The manager said he made his decision "to avoid any problems." His concern was not only with the Asian customers who buy the parts of the cow now banned nationwide, but for the image he would give those customers who aren't Asian -- about 15 percent of the store's traffic.
He said the potential loss of business -- about 1,000 pounds every week between cattle brains and small intestines -- was offset by the greater danger of bad publicity or his store's liability if a customer should get sick.
Over at Los Compadres Meat Market on 4545 E. Tropicana Avenue, butcher Humberto Gutierrez said he sold about 10 cattle heads in December.
"It's a traditional dish from the central part of Mexico ... where the whole family gathers and cooks the head in water with spices," he said.
The store also sells intestines -- though he wasn't sure if it was the small intestine -- which Mexicans use to prepare tacos at home.
On hearing of the new law, he said losing sales of these items would hurt his and other stores catering to Hispanics valley-wide. But customers would hurt more, Gutierrez said.
"Stores will feel the pain economically, but people are going to feel it more on a personal level," he said.
That the banned parts of cows are an ingrained part of different ethnic communities is made clear at local Asian and Mexican stores and restaurants.
Alan Chen said that "only Chinese order" his dish using intestines. "It's on the menu ... because Chinese look for these things," he said.
Larry Hughes, owner of Larry's Great Western Meats, at 420 S. Valley View Boulevard, sells about 3,000 pounds of small intestines and 300 to 400 pounds of brains a week.
And while most of those sales go to Mexican restaurants, "it's not the upper-end Mexican restaurants who buy it," he said. "It's the real ones where the Hispanics eat, where you can buy a 50-cent taco.

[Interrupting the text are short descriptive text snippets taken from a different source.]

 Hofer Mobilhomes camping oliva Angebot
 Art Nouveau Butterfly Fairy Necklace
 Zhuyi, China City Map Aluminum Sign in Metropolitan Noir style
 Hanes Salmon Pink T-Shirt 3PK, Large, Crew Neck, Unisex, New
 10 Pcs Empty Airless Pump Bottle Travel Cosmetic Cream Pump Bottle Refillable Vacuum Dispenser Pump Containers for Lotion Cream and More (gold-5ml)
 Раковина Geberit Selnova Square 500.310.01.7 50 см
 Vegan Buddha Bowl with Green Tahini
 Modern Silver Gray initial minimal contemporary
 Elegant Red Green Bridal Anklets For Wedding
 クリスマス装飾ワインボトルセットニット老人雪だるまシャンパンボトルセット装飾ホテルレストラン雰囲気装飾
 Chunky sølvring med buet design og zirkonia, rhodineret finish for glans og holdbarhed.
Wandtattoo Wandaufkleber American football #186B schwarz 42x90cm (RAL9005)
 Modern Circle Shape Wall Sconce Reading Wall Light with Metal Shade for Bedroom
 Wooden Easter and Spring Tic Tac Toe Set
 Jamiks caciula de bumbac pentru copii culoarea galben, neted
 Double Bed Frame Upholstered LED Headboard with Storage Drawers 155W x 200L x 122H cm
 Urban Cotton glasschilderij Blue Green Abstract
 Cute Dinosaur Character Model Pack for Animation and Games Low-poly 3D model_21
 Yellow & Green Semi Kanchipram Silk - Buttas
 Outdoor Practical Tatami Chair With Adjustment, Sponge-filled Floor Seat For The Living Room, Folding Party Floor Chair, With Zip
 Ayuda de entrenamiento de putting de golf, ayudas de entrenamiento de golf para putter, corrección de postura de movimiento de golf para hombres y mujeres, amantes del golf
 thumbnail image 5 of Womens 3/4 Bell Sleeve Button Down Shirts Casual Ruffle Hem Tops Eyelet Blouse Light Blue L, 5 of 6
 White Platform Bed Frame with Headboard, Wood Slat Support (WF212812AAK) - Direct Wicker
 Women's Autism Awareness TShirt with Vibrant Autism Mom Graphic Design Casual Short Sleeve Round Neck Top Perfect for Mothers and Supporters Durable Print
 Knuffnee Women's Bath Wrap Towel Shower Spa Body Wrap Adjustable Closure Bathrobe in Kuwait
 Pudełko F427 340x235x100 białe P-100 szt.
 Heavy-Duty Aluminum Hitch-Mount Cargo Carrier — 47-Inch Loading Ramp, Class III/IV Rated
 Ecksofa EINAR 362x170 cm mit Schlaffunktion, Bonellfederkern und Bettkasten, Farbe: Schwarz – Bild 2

Those are the ones that use it."
In the end, Gutierrez said, many of the estimated 368,000 Hispanics across the valley -- about 70 percent of whom are of Mexican descent -- will just have to get used to the new rules.
Rosa Hernandez, the cashier at MexiTaco, pointed out that Mexicans still have their most important staples -- corn and peppers.
"As long as we have tortillas and hot sauce, we'll be fine," she said. "If you took those away, it would be like cutting off our hands."
Benjamin Chen had a similar attitude.
"People will probably just change to pork brains," he said.
"The concept is the same -- brain is good for the brain."